Tuesday, December 25, 2007

Dye another day

My research requires me to stain coconut tissues to locate oil globules in them. This should give me a map of what I'm trying to extract from where.

I thought I can get away with just mixing Nile Red or Sudan Black with distilled water. At least I found out that the specification is correct. Both of these are insoluble. These powder stain would just float in water regardless of physical mixing.

I had no choice but to proceed to the Food Microbiology to try my hand, or eyes, at the microscope which I call electronic. I have to fit into the schedule of my supervisor, Laleh Loghavi, PhD student from Iran and a senior member of our Food Engineering laboratory.

The microscope is not an electron microscope. I am calling it electronic because it can function as brightfield, fluorescent and confocal through a remote computer control. It can capture both still and video image.

Confocal microscope

This is my first time to see an Olympus microscope. Most scopes are Nikon, which is a heavyweight in the camera industry. Olympus can be considered a leader only in the dustproof, waterproof category, but that should be another story.

I tried viewing an unstained coconut tissue, both cross and longitudinal sections. I was expecting to see just plain white, as what I've seen before through a brightfield microscope. To my surprise, it stained itself with a bluish hue. I know buko juice would stain that way but I didn't see something like that in my previous attempt. The minor difference this time is that I refrigerated my sample. Anyway, I was able to get a better picture of the cross section. Although I wasn't able to mark oil globules in the tissue, I was already satisfied with my microscopy attempt yesterday. At least, I saw the cell wall which closely resemble my reference image, and I got the appropriate viewing settings in terms of distance, magnification and ISO value.

Cross-section of unstained coconut tissue

This afternoon, I tried concocting my own solution of lipid stains from Nile Red and Sudan Black. I started with a small volume for each, this time using an acetone as solvent. I bought a nail polish remover from CVS. This should be the same as acetone although the extra scent must've been added knowing that it is intended for beauty parlor use.
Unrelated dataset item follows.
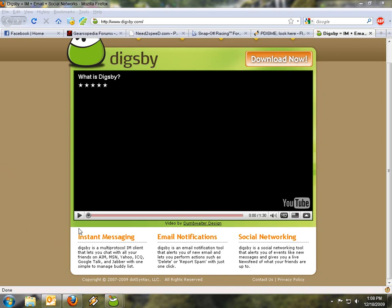Check out this program that I found — it's called Digsby. Watch some of this video real quick. The music's pretty bad, but the features are amazing, so check this out.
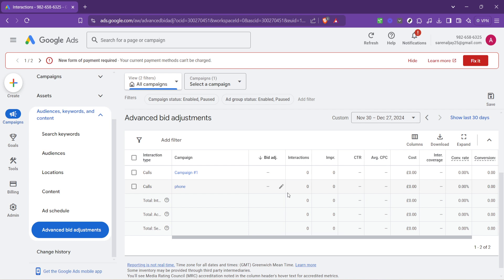So, go forth and start experimenting. With a little time and effort, you'll see just how impactful the right bidding strategy can be for your campaigns. Thanks for watching, and I'll see you in the next video.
I don't have any dilution reference for Sudan Black using acetone so I tried to match it with my index information for Nile Red. The latter comes in a tiny bottle, at 100 mg. It has been successfully used as a lipid marker at 0.4 g/L solution. So, I was expecting Nile Red to be stronger than Sudan Black which comes in bigger bottle and greater quantity (10 g, I guess). I was surprised I had to pour at least 6 times more acetone to even see significant dissolution of Sudan Black.

Dye materials

An extra good news today, I received approval from Dr. Wayne Armstrong to use his stained coconut tissue image. Well, I have been communicating with some people including reference persons from the Philippines (like Philippine Coconut Authority) and I didn't receive any reply. At least, with Dr. Armstrong's quick response, my hope was revived that there are some other people who's willing to share something.

Hopefully, I can squeeze into the microscopy schedule soon to see if my dye solutions work or if I need to adjust the concentration for any of them.

Whatever it takes to stain and locate the oil molecules in coconut tissue, I'm willing to dye another day.

...
written and posted 06.14.07, istoriami.